Social media platform Facebook is expanding its enhanced security program, which protects high-risk accounts from malicious hackers, to more than 50 countries by the end of the year.
“Human rights defenders, activists, journalists, and elected government officials are at the center of public discourse,” said Nathaniel Gleicher, global head of cybersecurity policy at Meta, Facebook’s parent company, in a Dec. 2 briefing. “As such, the consequence for society is high if their [Facebook] accounts are compromised.”
Called Facebook Protect, the program is designed to enhance two-factor authentication (2FA), increase automated defenses in the backend, and flag accounts in the social media platform’s internal system. It was first tested in 2018 ahead of the 2020 US elections. It went live in the Philippines on Oct. 27.
Despite being one of the best available tools against account compromise, 2FA is historically underutilized, said Mr. Gleicher.
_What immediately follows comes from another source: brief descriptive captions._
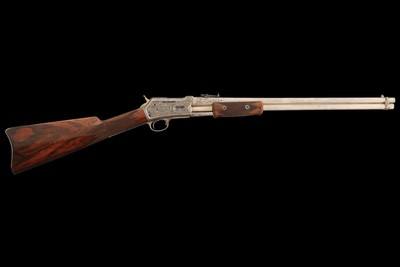 Engraved Silver & Gold Plated Colt Lightning Baby Carbine - Image 3 of 5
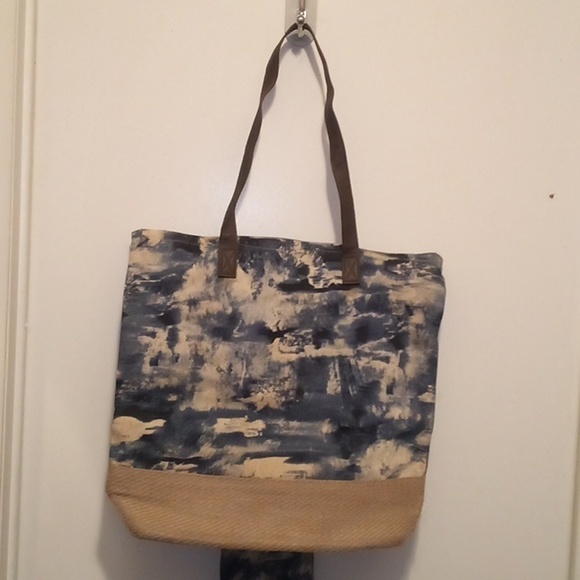 Hobo Multi Color Splatter Blue & White Paint Design Bag & Wallet - Picture 7 of 13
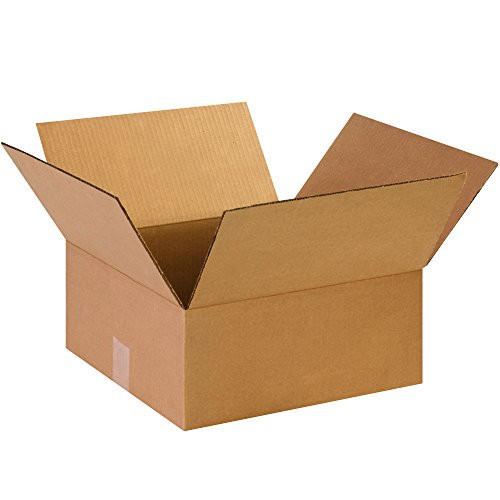 Partners Brand P14146 Flat Corrugated Boxes 14 L x 14 W x 6 H Kraft  Pack of 25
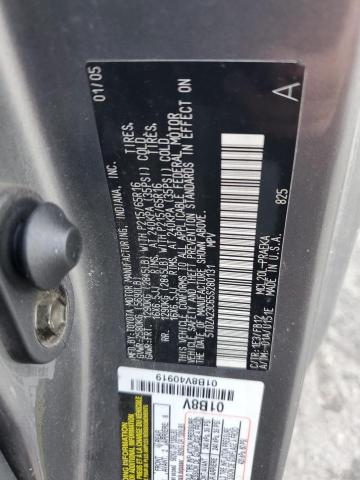 5TDZA23C65S280131 - 2005 TOYOTA SIENNA CE GRAY photo 13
Only 4% of Facebook’s monthly active users worldwide have adopted it as of November.
“We are investing to make 2FA as easy to use as possible,” he said. “At the end of the day, reducing security friction for users will always be essential.”
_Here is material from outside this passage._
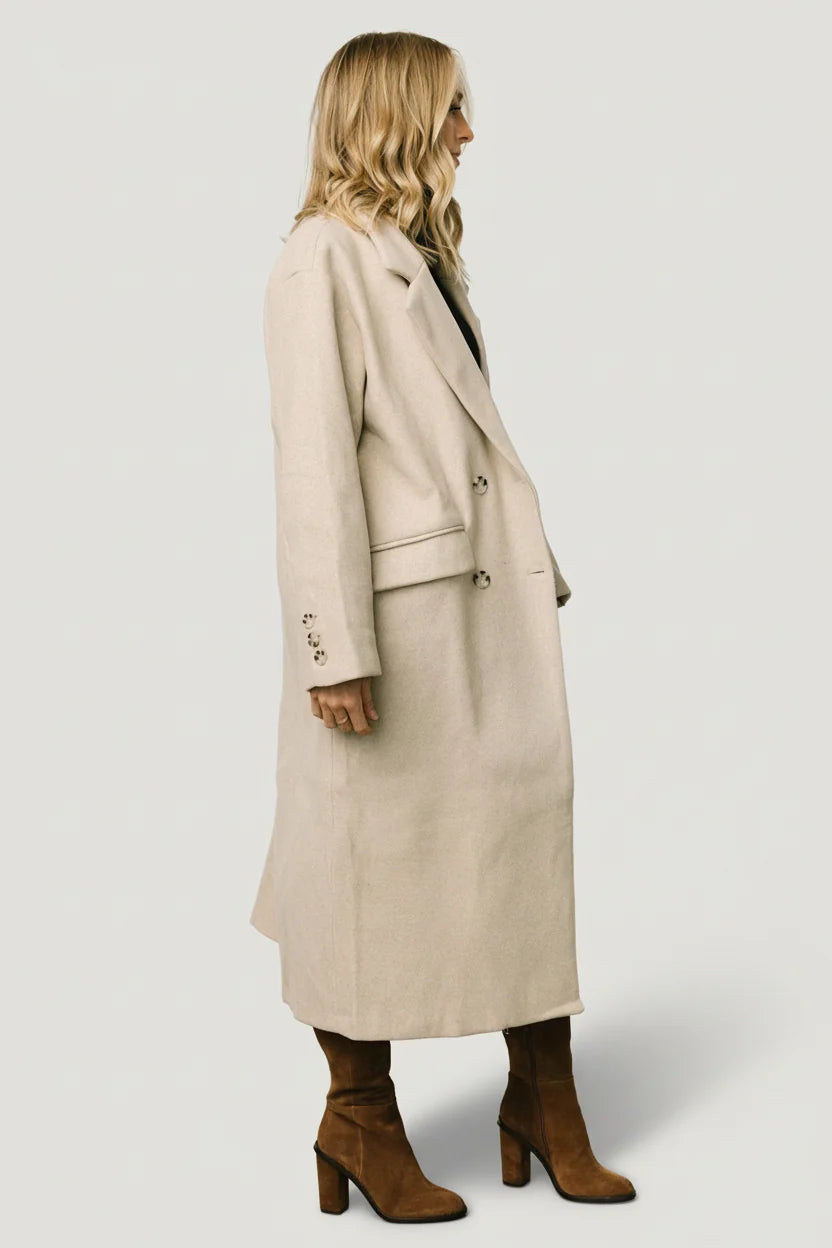 Anderson Double Breasted Coat | Natural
Accounts deemed high-risk by the platform will receive a prompt to enroll in Facebook Protect. 2FA is mandatory for accounts that are most likely to be targeted by bad actors.
As of this month, more than 1.5 million accounts have enabled Facebook Protect, with about 950,000 newly enrolled in 2FA as a result of this prompt.
Those that do not get a prompt but are part of the aforementioned communities can register for the program voluntarily.